I have fixed the issue. I've replaced

     ^(n='if' expression b1=block b2=ifStatement)
     -> elsif(
          node={$n},
          cond={$expression.st},
          block1={$b1.st},
          block2={$b2.st},
          isElsif={($n.Parent.Text == "ELSIF") ? "true" : null}
        )
|
     ^(ELSIF i=ifStatement) -> { $i.st }

with

     ^(n='if' expression b1=block ^(ELSIF b2=ifStatement))
     -> elsif(
          node={$n},
          cond={$expression.st},
          block1={$b1.st},
          block2={$b2.st},
          isElsif={($n.Parent.Text == "ELSIF") ? "true" : null}
        )

That is I've merged the last two alternatives into a single one.

Now the Transpiler is blazingly fast and still returns correct results.

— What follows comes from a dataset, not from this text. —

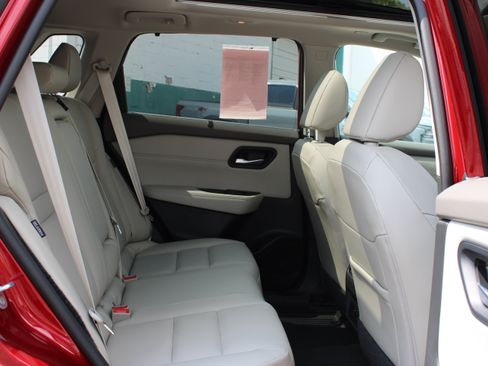 Certified 2023 Nissan Rogue SV w/ SV Premium Package AWD/4WD image 13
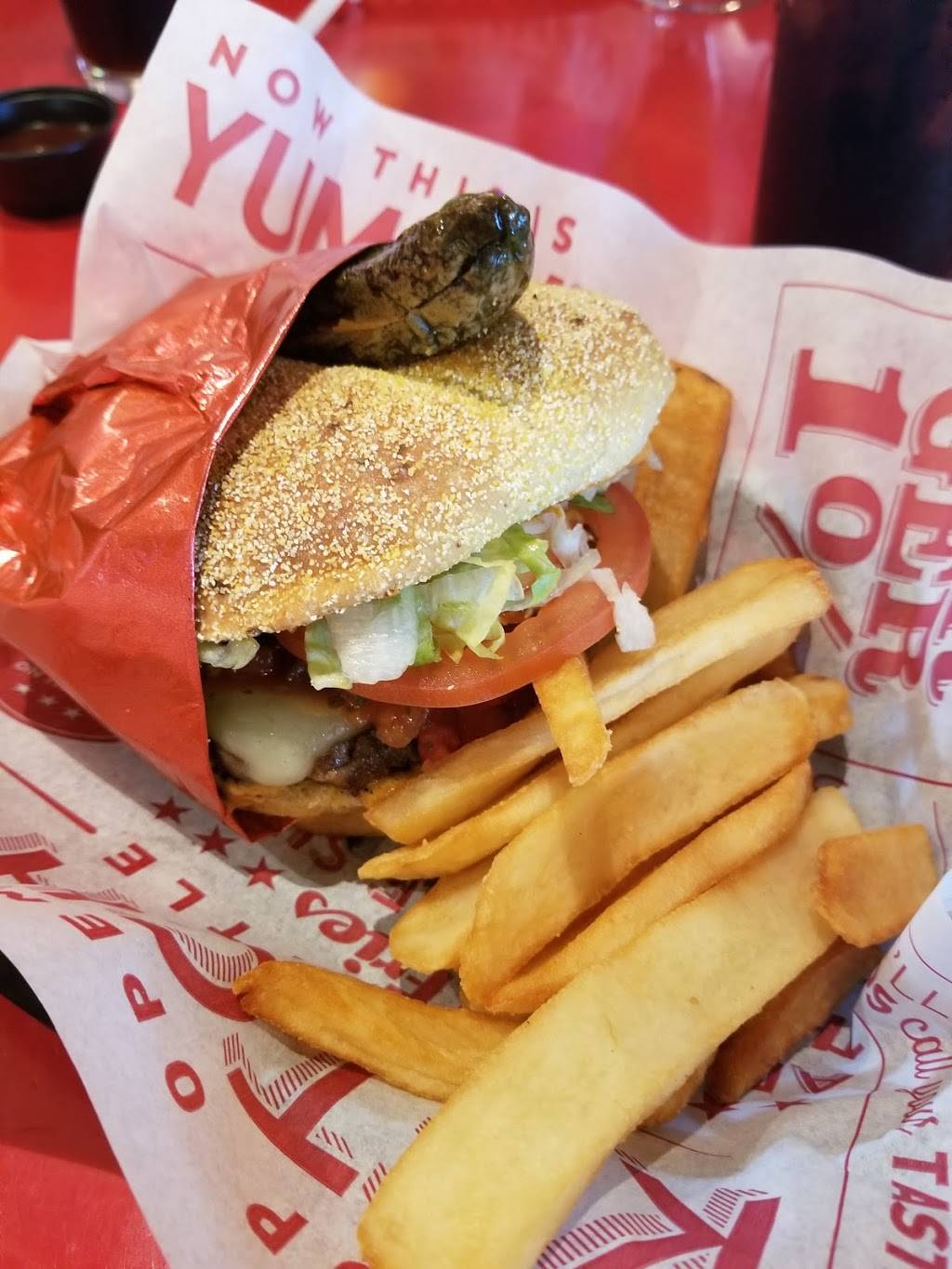 Red Robin Gourmet Burgers and Brews | restaurant | 1045 Cochrane Rd, Morgan Hill, CA 95037, USA | 4087782028 OR +1 408-778-2028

I'd really like to know why this change makes such a big difference.

3

There are 3 best solutions below

3
On BEST ANSWER

Welcome to backtracking.

If you force the parser to choose between (for example) three choices (as you have in your grammar), and it has to backtrack, and the choices nest [as your if-then-else does], then a nested set of N constructs can require 3^N units of work to parse. 3^20 is 27 times as long as 3^17.

Lesson: backtracking is useful sometimes, but generally you should avoid it.

For your grammar, why not treat the if construct just like every other statement? Then it doesn't show up as a special case, and you can avoid the backtracking altogether. You'll even get the standard "else attaches to the closest if" rule that is standard in most programming langauges.

2
On

Try to rewrite your grammar without backtracking on the entire rule. If you can't, then at the very least add memoize=true to it to speed things up:

options { backtrack = true; memoize=true; }
1
On

Not sure why you need backtracking for this rule at all. Can block also be an ifStatement? If so add a semantic predicate for the else ifStatement part to check if the next token is actually IF. Otherwise you can always take the block alternative.

Also, avoid tree rewrites if you can. I found that creating and rewriting an AST can double the parse time.